> **What you will do**: Below are the records; give again exactly the lines from the one containing "Royalty-Free (RF) Plant" through the one containing "Top 10 naked", leaving out pictures.

> **Excerpted records**:
────

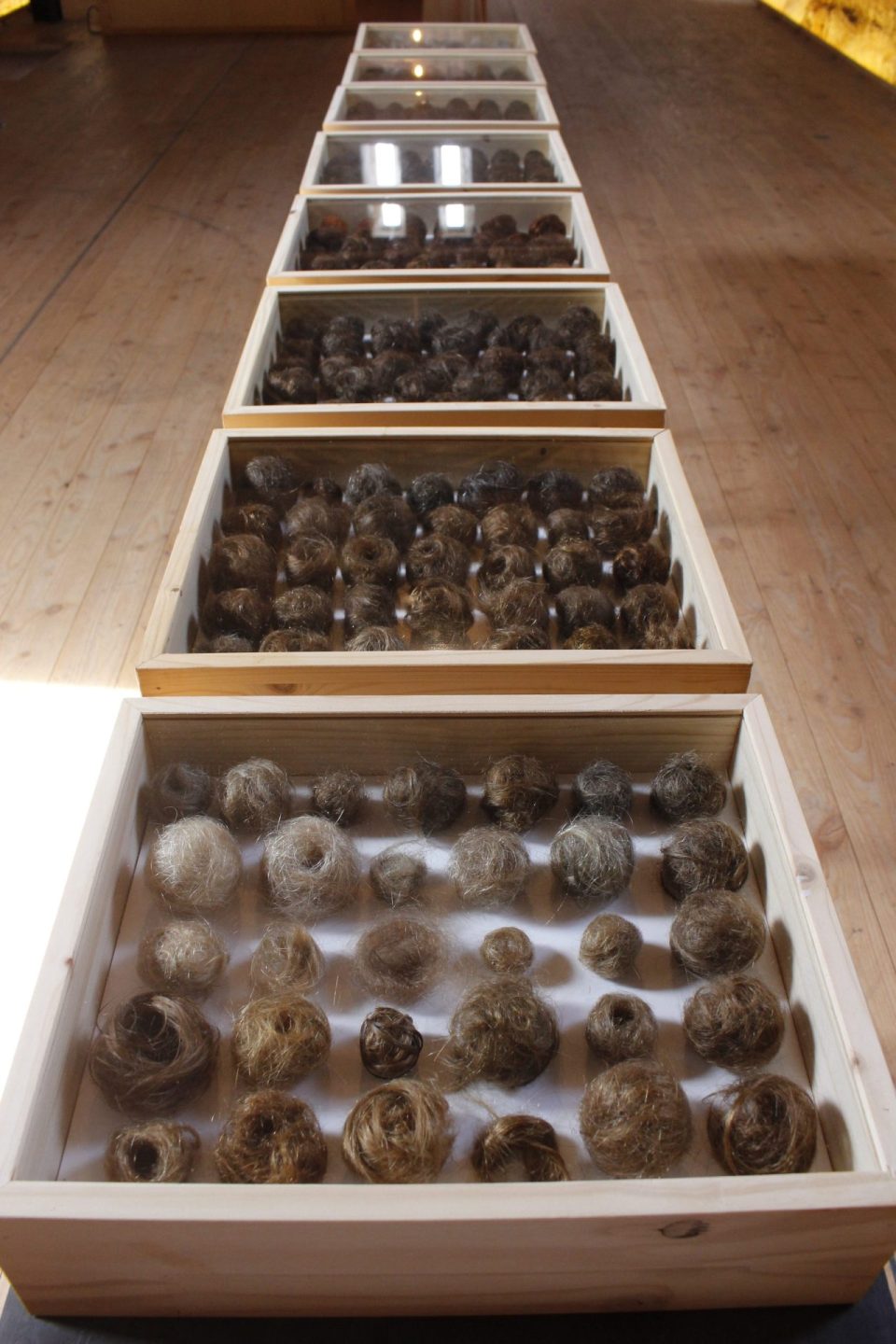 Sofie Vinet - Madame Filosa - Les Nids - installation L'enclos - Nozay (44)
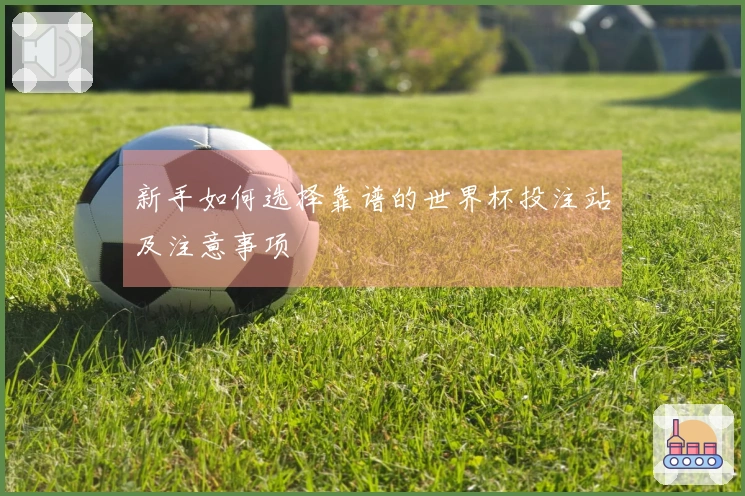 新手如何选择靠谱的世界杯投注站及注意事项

────

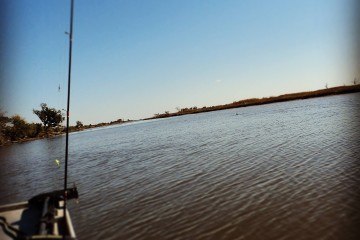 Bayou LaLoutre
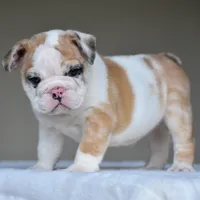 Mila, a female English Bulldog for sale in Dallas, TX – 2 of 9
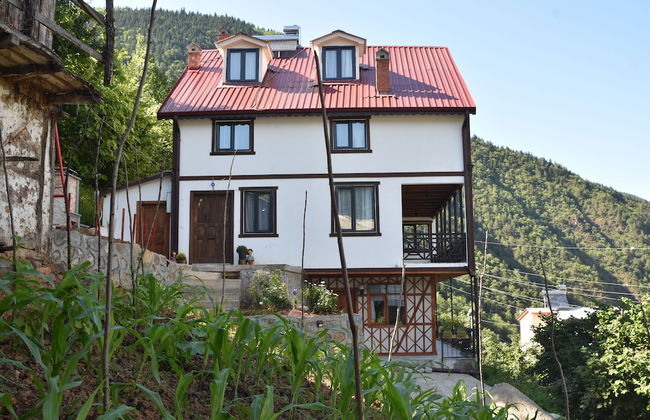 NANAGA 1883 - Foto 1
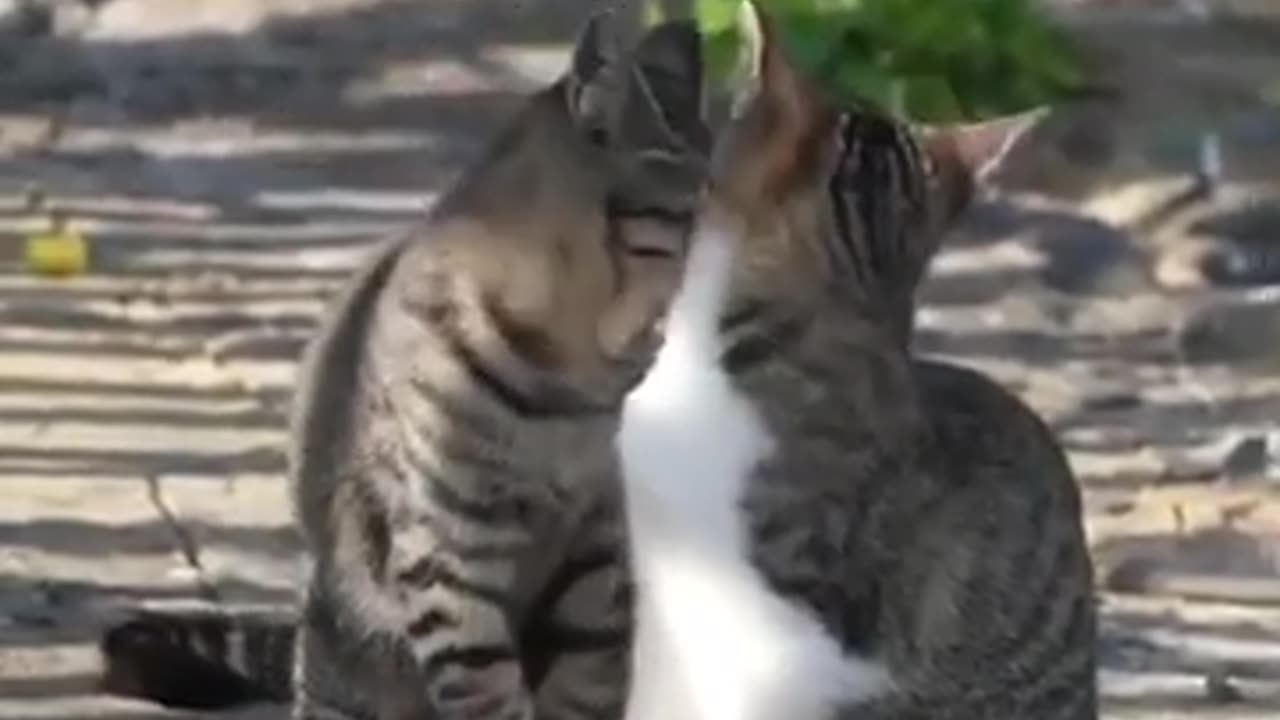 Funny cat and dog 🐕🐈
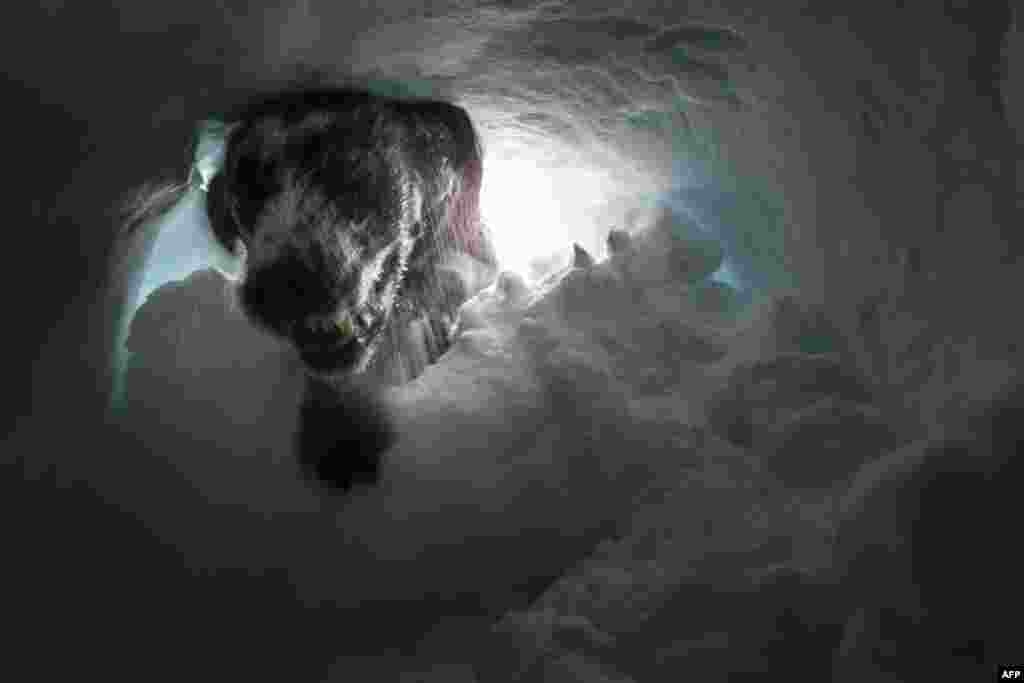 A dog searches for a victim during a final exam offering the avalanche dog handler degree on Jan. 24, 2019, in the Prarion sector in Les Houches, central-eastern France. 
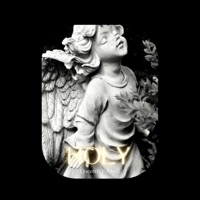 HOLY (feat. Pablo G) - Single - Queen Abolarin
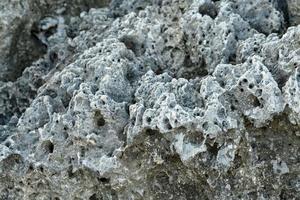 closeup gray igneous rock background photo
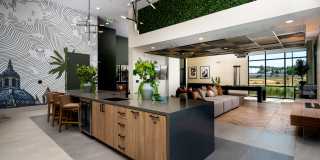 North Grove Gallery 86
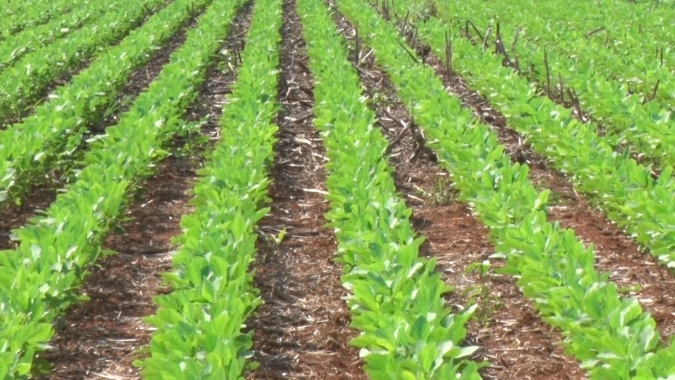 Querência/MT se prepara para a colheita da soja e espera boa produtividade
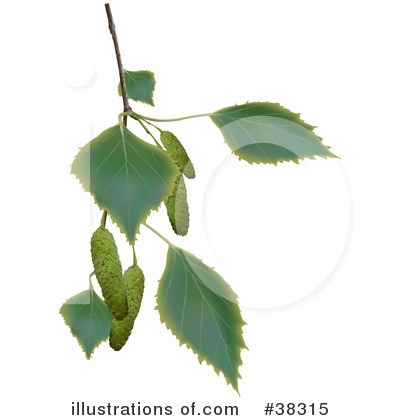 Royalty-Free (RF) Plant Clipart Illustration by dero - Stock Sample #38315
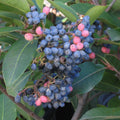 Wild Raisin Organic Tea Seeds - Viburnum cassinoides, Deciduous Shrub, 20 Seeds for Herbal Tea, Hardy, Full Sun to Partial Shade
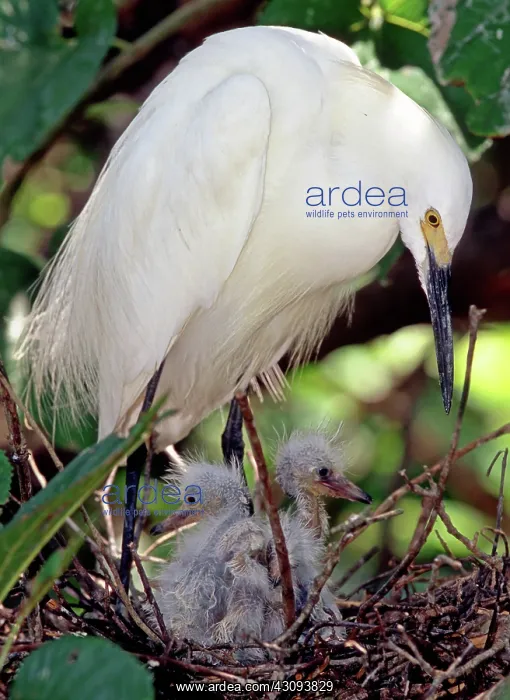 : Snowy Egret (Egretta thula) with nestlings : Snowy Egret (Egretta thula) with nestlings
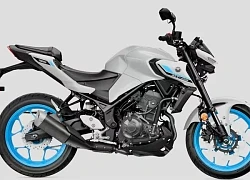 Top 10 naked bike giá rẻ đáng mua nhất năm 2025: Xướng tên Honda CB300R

────

> **Answer area**:
 Royalty-Free (RF) Plant Clipart Illustration by dero - Stock Sample #38315
 Wild Raisin Organic Tea Seeds - Viburnum cassinoides, Deciduous Shrub, 20 Seeds for Herbal Tea, Hardy, Full Sun to Partial Shade
 : Snowy Egret (Egretta thula) with nestlings : Snowy Egret (Egretta thula) with nestlings
 Top 10 naked bike giá rẻ đáng mua nhất năm 2025: Xướng tên Honda CB300R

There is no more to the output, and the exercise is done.